Vershynina: Darüber haben wir ebenfalls in Berlin diskutiert – schließlich wissen wir, dass es in der Ukraine keinen wirklich sicheren Ort mehr gibt und das ganze Land sich im Visier Russlands befindet. Aber manche Gegenden werden mehr, andere weniger beschossen. Wir konzentrieren uns deshalb auf den Wiederaufbau unter anderem in Kiew. In der Nähe der Frontlinie sieht das natürlich anders aus.

Wo ist der jüdische Aspekt in all der Hilfe, die Sie leisten?
Eyal Dali: Wir pflegen einen engen Kontakt mit der jüdischen Gemeinschaft in der Ukraine, inklusive der Masorti-Gemeinden. Gerade erst haben wir fünf Schutzräume für den Notfall mit Generatoren, Matratzen und Schlafsäcken ausgestattet.

Für wie viele Menschen wurden sie eingerichtet?
Dali: Das ist unterschiedlich. Das Fassungsvermögen dieser unterirdischen Schutzräume reicht von 30 bis 100. Sie wurden übrigens nicht ausschließlich für Juden eingerichtet – auch wenn wir die jüdischen Gemeinden als Netzwerk nutzen. In Dnipro befindet sich ein solcher Schutzraum zum Beispiel in einer ganz regulären Schule. Hier wird mit allen Kräften zusammengearbeitet. Die Schutzräume sind für alle offen, betrieben werden sie aber von Mitgliedern der jüdischen Gemeinden.
Würfel: Die jüdischen Gemeinden sind sehr gut organisiert. Auch deshalb können wir wirklich effektive Hilfe für viele Menschen leisten und zum Beispiel ganze Nachbarschaften unterstützen.

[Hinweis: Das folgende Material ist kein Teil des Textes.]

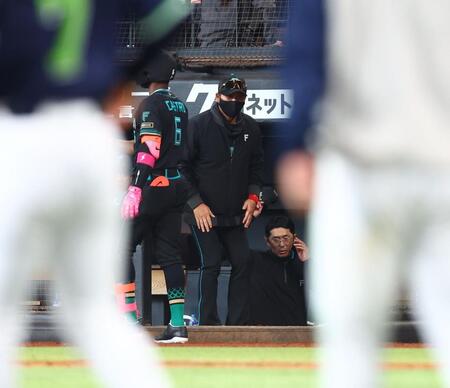 ９回引き分け試合となり、池山監督にあいさつする新庄監督（中央）＝撮影・中島達哉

Ihre umfassende Hilfe, die Sie beschreiben, kostet viel Geld. Woher kommt es?
Würfel: IsraAID Germany führt das Projekt zusammen mit der ZWST durch – und diese ist Teil der Aktion Deutschland Hilft (ADH). Dabei handelt es sich um ein Netzwerk aus humanitären Hilfsorganisationen, die gemeinsam öffentliche Spendenaktionen durchführen. Jede Privatperson, die etwas spenden möchte, kann ADH unterstützen.

Im Bundeshaushalt für das nächste Jahr sind Kürzungen bei der Ukrainehilfe vorgesehen. Putins Krieg geht aber weiter. Was bedeutet das für Sie?
Würfel: Generell läuft unser gemeinsames Projekt in der Ukraine primär über Mittel von Aktion Deutschland Hilft, die wiederum losgelöst vom Bundeshaushalt betrachtet werden müssen, weil es sich dabei ja ausschließlich um private Spenden handelt. Die Veränderungen im Bundeshaushalt betreffen aber unsere Arbeit in Deutschland ganz maßgeblich.

Wie hat die Konferenz in Berlin Ihre Hilfsaktionen und die Kooperation verbessern können?
Würfel: Das ist eine gute Frage. Wir wissen es noch nicht. Wir müssen noch abwarten, um Genaueres sagen zu können. Ich konnte aber bereits einige interessante Anknüpfungspunkte ausmachen, viele verschiedene Organisationen haben sich vernetzt, und ich bin sicher, dass viele zukünftige Kooperationen daraus entstehen werden.

Mit den Vertretern von IsraAID Germany sprach Imanuel Marcus.